S&P 500 vs Bitcoin: Which $1,000 Investment From 2021 Grew More by 2026?
A $1,000 investment in the S&P 500 made in July 2021 outgrew the same amount placed in Bitcoin by nearly $60, despite BTC's dramatic price swings over the five-year period.
A hypothetical $1,000 investment made in July 2021 tells an interesting story about the ongoing debate between traditional markets and digital assets. Placed into the S&P 500 rather than Bitcoin (BTC), that money would have grown more — and with far less turbulence along the way.

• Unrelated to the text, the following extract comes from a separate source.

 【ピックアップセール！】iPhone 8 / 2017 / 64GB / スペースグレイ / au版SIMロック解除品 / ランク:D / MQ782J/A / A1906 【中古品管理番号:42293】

For years, Bitcoin enthusiasts have championed the cryptocurrency as a superior alternative to conventional investments. Yet with BTC currently sitting well under 50% of its record peak, traditional markets are quietly winning the recent comparison.
**Breaking Down the Numbers**
On July 1, 2021, Bitcoin's closing price stood at $35,171. At the time of writing, it trades at approximately $58,811 — representing a gain of roughly 68% over that five-year window.
The S&P 500 tells a slightly better story. The index closed at 4,319.94 on July 1, 2021, and reached 7,499.36 by June 30, 2026 — a gain of approximately 74%.
In dollar terms: a $1,000 position in the S&P 500 grew to about $1,736, while the same amount invested in Bitcoin reached roughly $1,676. The stock index finished ahead by nearly $60.
**A Calmer Path to Similar Returns**
What makes the comparison even more striking is the dramatically different journey each asset took to reach those results.
Bitcoin experienced extreme swings throughout the period. It surged to nearly $69,000 in November 2021, then plummeted below $17,000 during the brutal crypto winter of 2022. It later climbed past $120,000 in 2025, only to slide back under $60,000 more recently.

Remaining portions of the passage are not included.